Offred is a Handmaid living in the service of the Commander and his wife in the Republic of Gilead. She is not allowed to read, write, hold a job or make money, nor even have any friends. Her sole duty is to bear the Commander’s children. Offred remembers a time before, when she was a free woman. The mere thought is treasonous, but she holds onto the memories like her own precious secret. When the Commander decides to indulge Offred in activities that are forbidden – playing board games, looking at magazines – she realizes that if she plays her cards right, she could be playing for her freedom.
I’ve never read Margaret Atwood’s novel, nor watched the popular TV adaptation. But I was blown away by this graphic novel adaptation by Renée Nault. I was sucked in, compelled morbidly and revoltingly to keep going, and could not put it down until the very last page. Even then I had to set it aside, savor it some more, and most importantly, think, and we all know how I love books that make me think ;D
Having not read the original novel, I’m not sure how much was omitted to pare it down to graphic novel form. I was able to figure most things out on my own, but it could have done with another few pages of exposition when it came to the nuclear fallout and the forming of the Republic of Gilead. There was mention of countries outside North America at one point, and expansion on that would have been welcome too. If these existed in the first place, they must have been edited out. I’m sure it did Atwood’s novel justice.

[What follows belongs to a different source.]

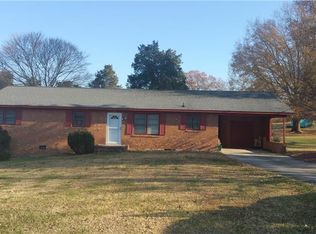 418 Heitman Rd, Thomasville, NC 27360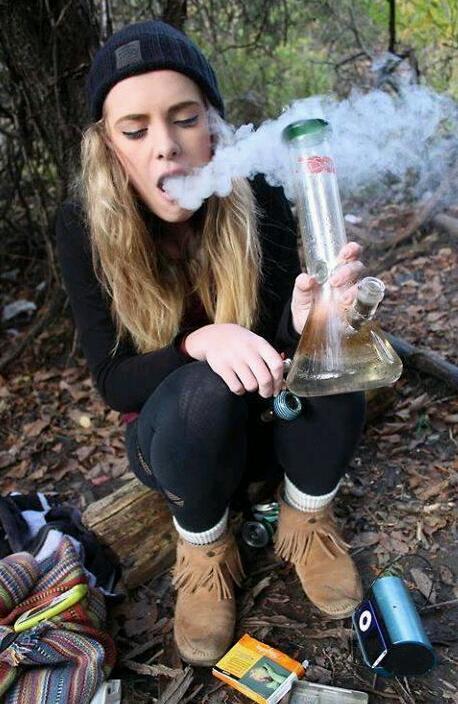 NameThatPeach's tweet photo. Something tells me pulling some tubes with this chick would be chill as fuck. Anyone know who she is? #peaches #420 http://t.co/95uSloorFe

Nault’s artwork was incredible. It appears to have been done in ink and watercolor, in thin washes and with thin, slightly wobbly lines, echoing the uncertain and tumultuous nature of the story. Even the font was wiggly! There is an airy and yet foreboding quality in the art, as if you’re in a dream that could very quickly and easily turn into a nightmare. I was stunned by the skill and quality of Nault’s work, and will be seeking out more from her!
This graphic novel by turns repulsed and fascinated me, as I’m sure the print book will. The production of this adaptation was magnificent, and I look forward to comparing it to the original novel.
Atwood, Margaret. Adapted by Renée Nault. The Handmaid’s Tale: The Graphic Novel. 2019.